Like everything else in engineering, there are tradeoffs. The single best load test you could do would be to have agents everywhere your customers are making connections and requests exactly like your customers. There are some ways to do that, but just as normal software testing involves running fast unit tests more frequently and slower integration tests less often, a good load testing strategy often involves frequent tests with something like wrk and less frequent high fidelity tests across multiple regions. Most of the time I want to use just a few connections to hammer the application, but occasionally I want to make sure the TCP side of the stack is up to snuff.

Unrepresentative client locations

This is a really broad one, but what happens is that generally your customers are all over your country or possibly all over the world. Quite often a load test is being run from a single region. This can distort results in all sorts of fun ways such as:

CDN Pop Overload

Your CDN likely routes customers to the closest PoP (Point of Presence). Your load test could overload a single PoP and leave the rest of the CDN and your datacenters with no traffic. Many engineers accidentally load test CDN hot spot mitigation paths, not their app.

Unbalanced network traffic

It is very possible that if all load is coming from a single region, parts along the way can get overloaded. As an example many load balancers doing some form of ECMP will direct traffic based on some hash of connection information which can result in hot spots if there aren’t enough connections. Similarly intermediate routers can be overloaded. For that reason I recommend using multiple load generating agents.

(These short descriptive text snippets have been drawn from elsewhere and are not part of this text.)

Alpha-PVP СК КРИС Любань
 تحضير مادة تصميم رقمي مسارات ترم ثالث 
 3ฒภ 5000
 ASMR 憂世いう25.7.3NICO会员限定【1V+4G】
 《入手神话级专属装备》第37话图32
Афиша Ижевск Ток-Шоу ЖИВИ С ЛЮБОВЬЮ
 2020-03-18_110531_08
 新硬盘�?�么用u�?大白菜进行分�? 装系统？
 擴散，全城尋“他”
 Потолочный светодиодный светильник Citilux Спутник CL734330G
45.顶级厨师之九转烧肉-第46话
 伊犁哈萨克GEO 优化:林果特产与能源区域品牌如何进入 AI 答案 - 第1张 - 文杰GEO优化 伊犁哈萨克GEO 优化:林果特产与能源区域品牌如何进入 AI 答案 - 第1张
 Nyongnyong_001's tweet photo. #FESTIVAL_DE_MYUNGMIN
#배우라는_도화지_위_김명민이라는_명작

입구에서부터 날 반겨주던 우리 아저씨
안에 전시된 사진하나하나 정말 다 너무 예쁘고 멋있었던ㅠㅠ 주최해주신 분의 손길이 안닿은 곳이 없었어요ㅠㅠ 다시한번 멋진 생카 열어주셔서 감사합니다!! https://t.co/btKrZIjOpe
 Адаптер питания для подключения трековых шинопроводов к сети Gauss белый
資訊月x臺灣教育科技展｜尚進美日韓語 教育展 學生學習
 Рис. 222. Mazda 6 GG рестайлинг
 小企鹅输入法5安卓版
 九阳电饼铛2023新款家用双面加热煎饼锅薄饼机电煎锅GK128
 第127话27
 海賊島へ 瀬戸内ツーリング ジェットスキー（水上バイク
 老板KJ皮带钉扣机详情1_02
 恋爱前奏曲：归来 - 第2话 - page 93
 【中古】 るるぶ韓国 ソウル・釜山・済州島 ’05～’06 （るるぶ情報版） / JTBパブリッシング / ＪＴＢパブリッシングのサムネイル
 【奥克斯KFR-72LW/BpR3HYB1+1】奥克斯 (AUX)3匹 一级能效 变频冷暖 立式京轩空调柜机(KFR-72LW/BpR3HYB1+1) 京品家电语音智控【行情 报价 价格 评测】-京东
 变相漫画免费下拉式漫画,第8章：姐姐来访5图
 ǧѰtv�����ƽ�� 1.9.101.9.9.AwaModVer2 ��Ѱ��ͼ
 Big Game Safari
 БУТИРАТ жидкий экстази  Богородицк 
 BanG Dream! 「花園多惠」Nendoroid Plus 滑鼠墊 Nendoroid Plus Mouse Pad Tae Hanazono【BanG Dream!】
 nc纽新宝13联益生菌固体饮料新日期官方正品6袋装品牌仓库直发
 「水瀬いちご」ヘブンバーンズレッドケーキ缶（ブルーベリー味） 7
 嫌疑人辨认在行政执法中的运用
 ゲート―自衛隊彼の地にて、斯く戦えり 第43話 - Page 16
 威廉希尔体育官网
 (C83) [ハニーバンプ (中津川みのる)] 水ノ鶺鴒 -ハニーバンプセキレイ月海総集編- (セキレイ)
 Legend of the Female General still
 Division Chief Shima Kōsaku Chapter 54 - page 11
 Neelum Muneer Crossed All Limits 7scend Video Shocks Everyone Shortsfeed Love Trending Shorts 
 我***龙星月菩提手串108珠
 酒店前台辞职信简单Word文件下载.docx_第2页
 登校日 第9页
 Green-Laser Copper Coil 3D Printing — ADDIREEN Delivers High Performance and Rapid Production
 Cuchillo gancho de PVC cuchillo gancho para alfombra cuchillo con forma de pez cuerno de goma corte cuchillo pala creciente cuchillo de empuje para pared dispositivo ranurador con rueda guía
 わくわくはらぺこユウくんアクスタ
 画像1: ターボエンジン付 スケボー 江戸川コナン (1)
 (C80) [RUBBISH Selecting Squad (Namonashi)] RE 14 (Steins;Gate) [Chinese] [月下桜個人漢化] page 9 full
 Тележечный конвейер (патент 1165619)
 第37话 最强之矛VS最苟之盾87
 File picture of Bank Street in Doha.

From a practical perspective I like to use something like Cloud Run because it scales to 0 based on traffic so it’s pretty cheap to deploy a container to every single region.

At one point Walmart load tests seemed to hit a ceiling. We couldn’t push load any higher, but paradoxically none of the systems handling the load seemed to be at saturation. We ruled out CPU/RAM and bandwidth to individual machines. We went back and checked our work to verify multi-core scalability and came up with nothing. It was unfortunately a stressful time with many teams grasping at straws to figure out the culprit. One of the most interesting clues was that the ceiling happened at a suspiciously round number. Let’s say 4Gbps. After a lot of investigation that probably deserves it’s own post I realized that we had 2 circuits coming into our DC (lest you think the fact this happened on-prem means you don’t have to worry: customers using the Cloud at large scales have lots of analogous things like interconnects and gateways). Theoretically we should have had 2 20Gbps links and they shouldn’t have been saturated. After picking up a phone and calling the guy who was responsible for purchasing those I found out from him that: “we just brought the new one online, I wonder if the ISP left it at 2Gbps”. Which it turns out was the case. One phone call later and we were back in business. Some fraction of our TCP flows from our load testing agents were going to through the under provisioned link and that was creating artificial back pressure on the load testing agents. It just goes to show the importance of monitoring on all your dependencies physical or virtual. I’ve seen the same sort of issues with naively written cloud NAT “appliances” (linux vms) that lack monitoring of nf_conntrack table size, resulting in mostly-silent degradation.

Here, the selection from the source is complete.